Die Griechisch-Orientalische Kirche mit 7.000 Gläubigen in Wien ist zu klein für Religionsunterricht an den Schulen. Stattdessen erhalten etwa 130 Knaben und Mädchen Sprach- und Religionsunterricht am Nachmittag in der Griechischen Schule, die seit 1804 besteht und von der Kirche finanziert wird. Noch kleiner ist die Russisch-Orthodoxe Kirche. In Wien kommen etwa 100 bis 150 Gläubige zum Sonntagsgottesdienst, genauere Zahlen gibt es nicht. Organisierter Religionsunterricht wird nicht angeboten.

Die Serbisch-Orthodoxen began nen vor zwei Jahren an den Schulen zu unterrichten. Heuer sind 20 Lehrer, die ihre Ausbildung in Belgrad erhalten haben, für die 3.000 Pflichtschüler in Wien im Einsatz. In der Bundeshauptstadt leben etwa 50.000 Gläubige, in ganz Österreich 150.000.

5.000 BUDDHISTEN

„Die Treue zur Heimat, zu den Eltern, zur Kirche sind die Grundlagen des Menschen, sonst fehlt etwas beim Charakter“, erklärt Pater Emanuel Aydin die Grundlagen Syrisch- Orthodoxen Lebens. Etwa 3.000 Menschen in Wien und weitere 500 in den Bundesländern gehören dieser Konfession an. Drei Lehrer halten in Wien Sammelunterricht ab, aber nur ein Teil der rund 300 Betroffenen kann erfaßt werden.

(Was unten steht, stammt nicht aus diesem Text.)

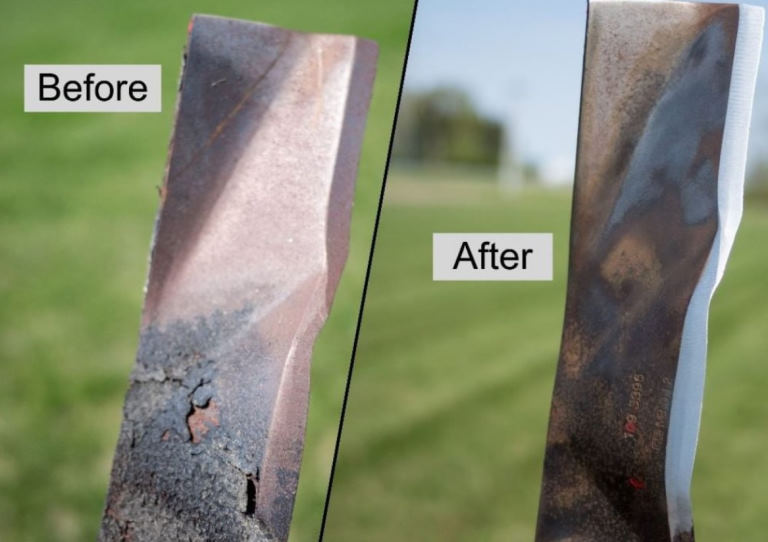 mower blade before and after sharpening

Die Neuapostolische Kirche mit 4.000 Mitgliedern österreichweit hält keinen Unterricht in den Schulen, sondern nur in den Kirchen, am Nachmittag oder am Sonntag. Die Kosten hierfür trägt sie selbst und verzichtet damit auf Staatsgelder.

Knapp 600 altkatholische Kinder werden österreichweit von 27 Lehrern in 43 Sammelstellen betreut, die Mehrheit in Wien. Vielfach ersetzt informelle Glaubensunterweisung in der Kirche oder bei Hausbesuchen den offiziellen Unterricht.

Ungefähr 5.000 Buddhisten gibt es in ganz Österreich, vier Lehrer, in Graz, Innsbruck, Salzburg und Wien, sind für die Glaubensunterweisung zuständig. In Wien betreut Theo Strohal die kleine Gruppe: Von den etwa 200 Schülern kamen im vorigen Schuljahr 12 Kinder, heuer werden es 20 sein. Die Unterweisung erfolgt in zwei Altersgruppen am Freitag Nachmittag. Der Stadtschulrat zahlt der buddhistischen Religionsgesellschaft zwei Wochenstunden, die Genehmigung für die Finanzierung der Schubücher läuft gerade. Die „Missio“, die Lehrbefugnis, erwarb sich Strohal durch ein eingehendes Studium und Gespräch mit dem buddhistischen Leiter.

Die israelitische Kultusgemeinde Wien mit ihren rund 7.500 Mitgliedern hält für ihre Kinder, die nicht eine israelitische Privatschule besuchen, Sammelunterricht ab, betreut durch drei Lehrer.